(Pictures with short captions)
'''
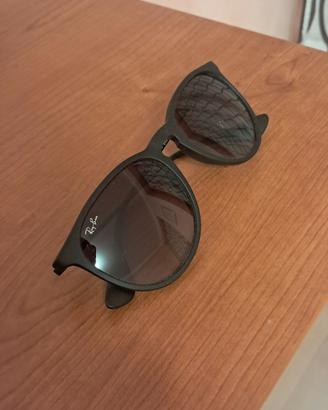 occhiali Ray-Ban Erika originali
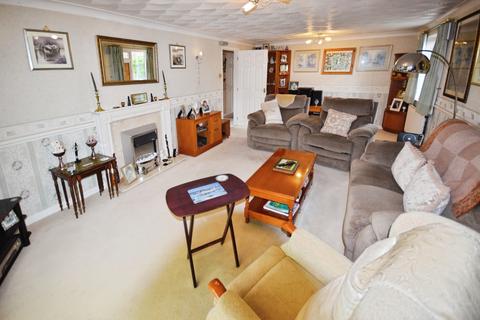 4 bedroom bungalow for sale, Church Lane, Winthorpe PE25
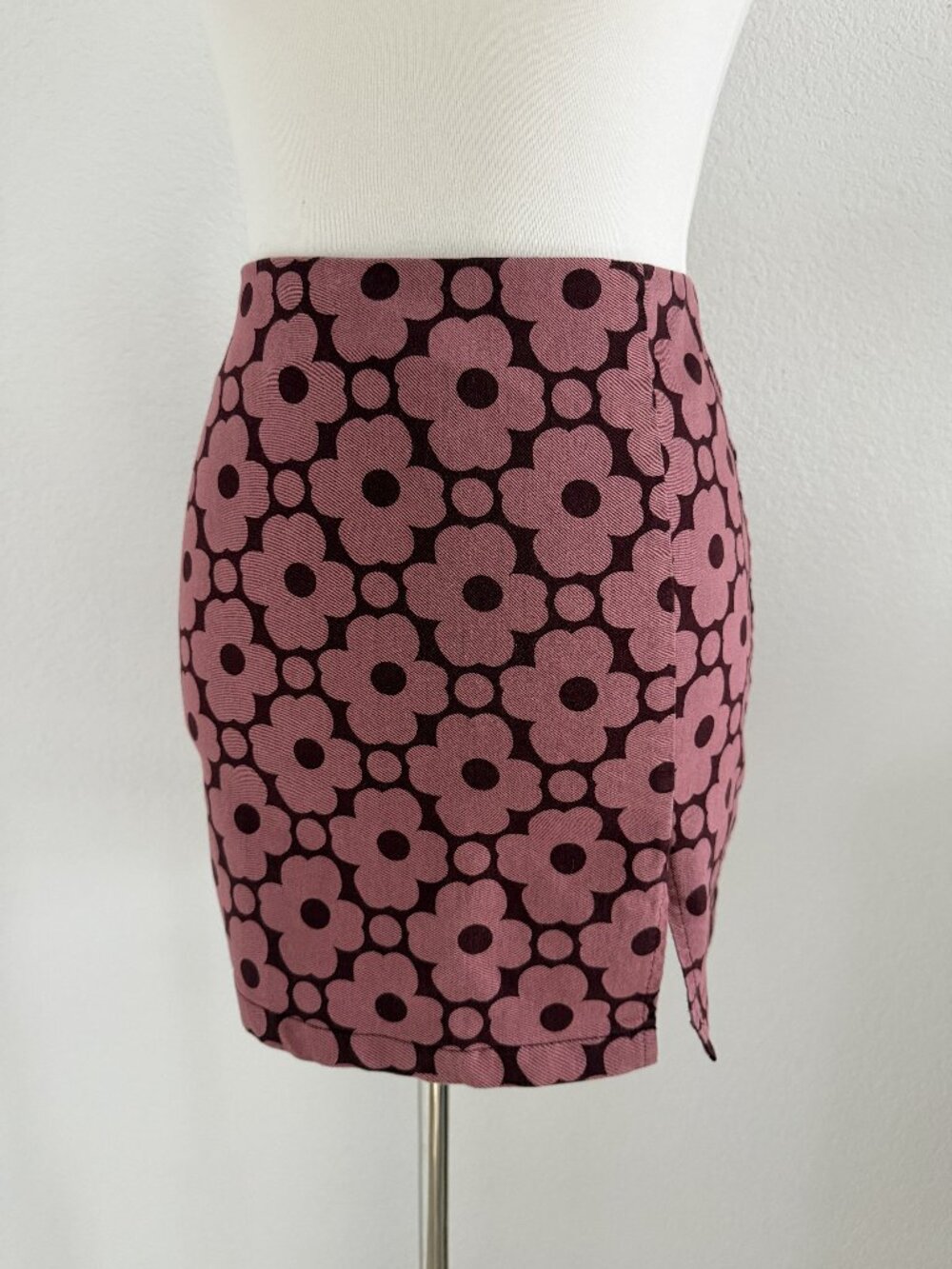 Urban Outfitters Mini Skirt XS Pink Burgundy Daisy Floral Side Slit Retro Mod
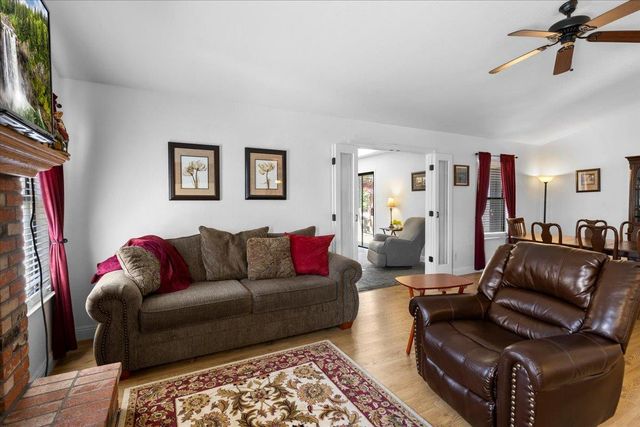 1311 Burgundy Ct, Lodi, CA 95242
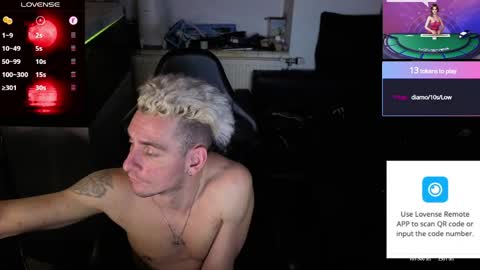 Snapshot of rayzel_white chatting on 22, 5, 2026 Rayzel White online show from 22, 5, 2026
'''
Excluding the pictures, retype the line containing "4 bedroom bungalow" and all lines after it down to the end of the data above.

 4 bedroom bungalow for sale, Church Lane, Winthorpe PE25
 Urban Outfitters Mini Skirt XS Pink Burgundy Daisy Floral Side Slit Retro Mod
 1311 Burgundy Ct, Lodi, CA 95242
 Snapshot of rayzel_white chatting on 22, 5, 2026 Rayzel White online show from 22, 5, 2026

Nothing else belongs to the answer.